Gilda's eye began to twitch. Her hand tightened on the handle of her axe. She was seriously considering if it was possible to solve a bylaw problem with a well-aimed swing.
"One cannot fight a bylaw, my friend," Zazu murmured, placing a gentle hand on her arm before she could act.
"He's right," Pip whispered, a new terror dawning in his eyes. "You can't fight it. But what if the form is a trap, too?"
Gilda just grunted, a sound of pure, helpless frustration. With no other options, and the faint, imaginary scent of scones still haunting them, they left the bakery. Besides, Gilda was hungry, and a hungry Gilda was a Gilda who was willing to entertain even Pip's most paranoid ideas. So, they set off in search of Tower 7. 𝕗𝕣𝐞𝐞𝘄𝐞𝚋𝚗𝗼𝘃𝗲𝗹.𝚌𝕠𝚖
Their journey across the city was an exercise in quiet madness. They soon came to a bridge woven from pure, shimmering light that spanned a gap between two towers. At the entrance, a small, glowing plaque simply read: The Sonata Bridge. As a local fairy glided across, each step she took created a soft, melodic chime, forming a simple, beautiful tune.
Gilda watched for a moment, then grunted. "Right. Music bridge." She led the way, her heavy boots landing in a tense, rhythmic march that, against all odds, managed to follow the simple melody.
A few streets later, their path was momentarily blocked by a squad of gardening golems. The team watched in baffled silence as the golems used tiny, delicate calipers to meticulously measure each individual leaf on a row of perfectly spherical trees, trimming any that were a millimeter too long or too wide.
Finally, just before they reached their destination, they passed a small alcove labeled "Public Emotions Kiosk." Inside, a single fairy was calmly filling out a form. A soft, glowing sign above its head read: Permit for Mild Displeasure, Pending Approval. The fairy looked up, saw the team staring, and gave them a brief, professionally courteous nod before returning to its paperwork.

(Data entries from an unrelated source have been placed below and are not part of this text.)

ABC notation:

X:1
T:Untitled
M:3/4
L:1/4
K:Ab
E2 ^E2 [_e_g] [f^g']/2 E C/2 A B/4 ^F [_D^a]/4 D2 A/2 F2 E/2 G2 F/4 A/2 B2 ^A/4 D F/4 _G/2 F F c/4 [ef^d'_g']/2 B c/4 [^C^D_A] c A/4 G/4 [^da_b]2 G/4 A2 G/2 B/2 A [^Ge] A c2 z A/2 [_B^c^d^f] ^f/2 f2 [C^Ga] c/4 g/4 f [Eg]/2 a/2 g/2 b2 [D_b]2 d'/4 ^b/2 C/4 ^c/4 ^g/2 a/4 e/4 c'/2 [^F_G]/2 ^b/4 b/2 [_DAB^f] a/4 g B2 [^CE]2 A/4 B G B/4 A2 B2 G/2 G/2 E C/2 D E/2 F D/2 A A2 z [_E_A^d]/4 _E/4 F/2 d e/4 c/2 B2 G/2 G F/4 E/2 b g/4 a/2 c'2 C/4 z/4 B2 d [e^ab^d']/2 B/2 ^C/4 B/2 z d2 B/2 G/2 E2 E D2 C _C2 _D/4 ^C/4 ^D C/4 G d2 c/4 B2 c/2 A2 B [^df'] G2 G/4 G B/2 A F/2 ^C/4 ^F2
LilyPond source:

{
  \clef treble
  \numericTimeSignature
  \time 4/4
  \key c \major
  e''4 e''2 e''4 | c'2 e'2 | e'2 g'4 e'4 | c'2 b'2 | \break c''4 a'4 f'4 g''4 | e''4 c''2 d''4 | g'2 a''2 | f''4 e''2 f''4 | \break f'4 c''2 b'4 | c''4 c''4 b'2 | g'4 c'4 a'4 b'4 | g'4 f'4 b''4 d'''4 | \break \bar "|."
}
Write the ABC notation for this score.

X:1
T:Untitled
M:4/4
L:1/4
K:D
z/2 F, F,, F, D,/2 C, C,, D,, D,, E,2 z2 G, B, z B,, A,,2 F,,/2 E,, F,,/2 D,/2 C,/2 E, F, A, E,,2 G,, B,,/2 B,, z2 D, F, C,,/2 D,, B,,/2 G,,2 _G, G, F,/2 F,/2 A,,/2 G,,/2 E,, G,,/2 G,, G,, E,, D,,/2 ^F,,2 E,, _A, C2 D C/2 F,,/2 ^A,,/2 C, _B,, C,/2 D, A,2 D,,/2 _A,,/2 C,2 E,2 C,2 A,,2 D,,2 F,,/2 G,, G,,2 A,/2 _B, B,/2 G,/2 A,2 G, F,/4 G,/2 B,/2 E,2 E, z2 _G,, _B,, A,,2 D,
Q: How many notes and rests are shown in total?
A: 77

When they finally found Tower 7, a tall spire of seamless white stone, they faced their next challenge: there was no visible entrance. Pip, remembering his previous humiliation with the last door, ignored his tools. Instead, he just watched as a local fairy glided up to the wall and said, in a perfectly monotone voice, "Requesting entry." And the door slid open.

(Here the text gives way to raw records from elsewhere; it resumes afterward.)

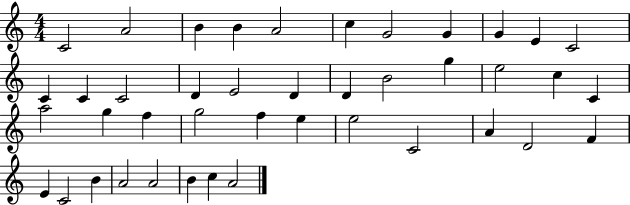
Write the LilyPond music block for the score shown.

{
  \clef treble
  \numericTimeSignature
  \time 4/4
  \key c \major
  c'2 a'2 | b'4 b'4 a'2 | c''4 g'2 g'4 | g'4 e'4 c'2 | \break c'4 c'4 c'2 | d'4 e'2 d'4 | d'4 b'2 g''4 | e''2 c''4 c'4 | \break a''2 g''4 f''4 | g''2 f''4 e''4 | e''2 c'2 | a'4 d'2 f'4 | \break e'4 c'2 b'4 | a'2 a'2 | b'4 c''4 a'2 | \bar "|."
}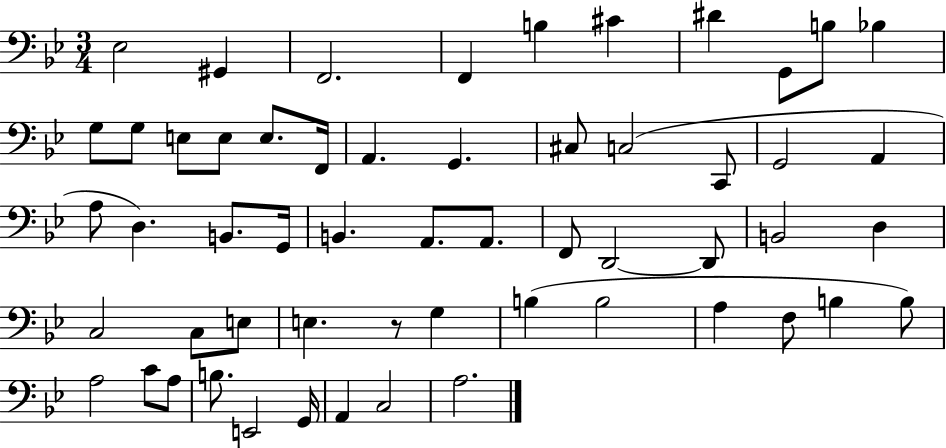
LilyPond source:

{
  \clef bass
  \numericTimeSignature
  \time 3/4
  \key bes \major
  \repeat volta 2 { ees2 gis,4 | f,2. | f,4 b4 cis'4 | dis'4 g,8 b8 bes4 | \break g8 g8 e8 e8 e8. f,16 | a,4. g,4. | cis8 c2( c,8 | g,2 a,4 | \break a8 d4.) b,8. g,16 | b,4. a,8. a,8. | f,8 d,2~~ d,8 | b,2 d4 | \break c2 c8 e8 | e4. r8 g4 | b4( b2 | a4 f8 b4 b8) | \break a2 c'8 a8 | b8. e,2 g,16 | a,4 c2 | a2. | \break } \bar "|."
}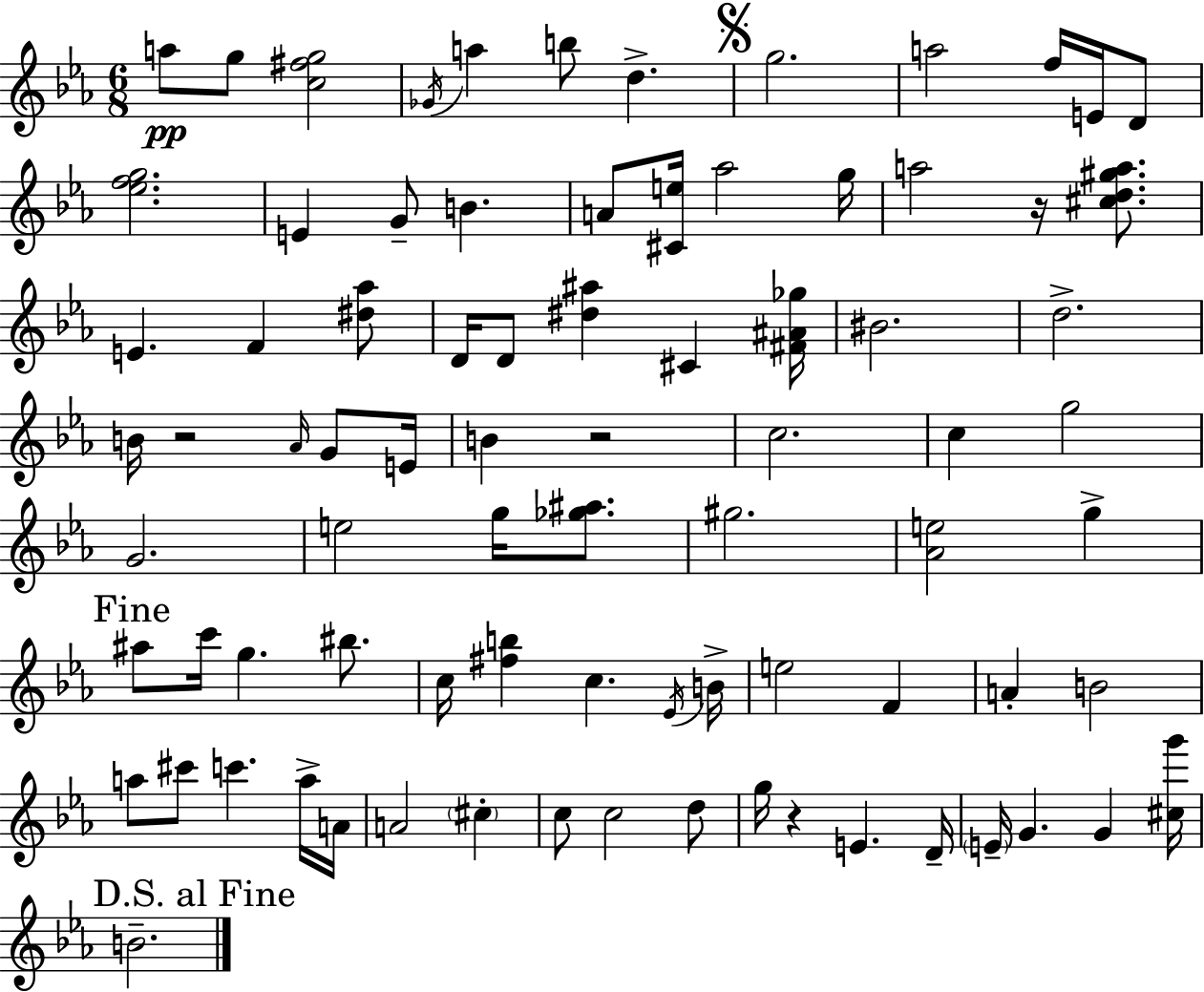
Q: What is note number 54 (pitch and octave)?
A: A5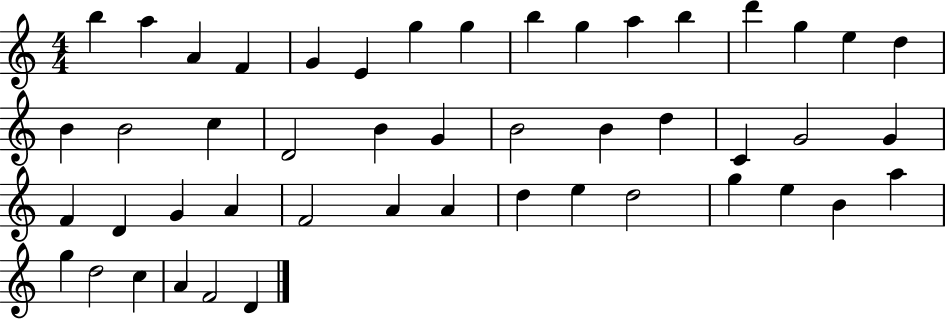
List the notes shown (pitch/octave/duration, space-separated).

"Oh, you've got to be kidding me," Pip muttered.
They entered a vast, circular lobby where a single, glowing pillar of light pulsed gently in the center. There were no stairs, no lifts—just the pillar.
"Now what?" Gilda grunted.
Zazu pointed to a small, glowing sign at its base. It read: 'Vertical Transport Requisition. Please state your name, destination floor, and purpose of visit.'
Pip stepped forward. "Pip," he said to the pillar. "Floor 412. We're here to… get a form?"
The pillar chimed softly. A line of glowing text appeared in the air before him: 'Purpose of visit unclear. Please re-state.'
"WE ARE ON A HEROIC QUEST!" Sir Crumplebuns announced, stepping in front of Pip. The pillar chimed again, the text unchanging. 'Purpose of visit still unclear.'
Zazu then stepped forward, his expression serene. "Zazu. Floor 412," he said, his voice calm and philosophical. "We seek a key to unlock a future potential, a necessary component for the continuation of our journey."
The pillar was silent for a long moment before chiming again, its tone perhaps a fraction more confused than before. The text changed: 'Purpose of visit: metaphorical. Request denied.'
Gilda shoved them all aside. "Gilda," she grunted at the pillar. "412. Scones."
The pillar chimed once more, this time a happy, affirmative sound. The text read: 'Purpose of visit: Sustenance. Approved.'
Gilda just grunted, giving Pip and Zazu a look that said, "See? Simple."
A beam of soft, white light enveloped the team, and they were lifted silently and smoothly up through the tower.
They arrived a moment later on the 412th floor, stepping out of the light and into a truly impressive display of paperwork. The room was even larger than the last, filled with hundreds of identical desks arranged in a perfect grid. At each desk sat a fairy, and beside each fairy was an impossibly tall stack of paperwork. The only sound was the soft, unified scratching of a thousand quills. At the far end of the room was a single counter with a line of about fifty fairies waiting patiently.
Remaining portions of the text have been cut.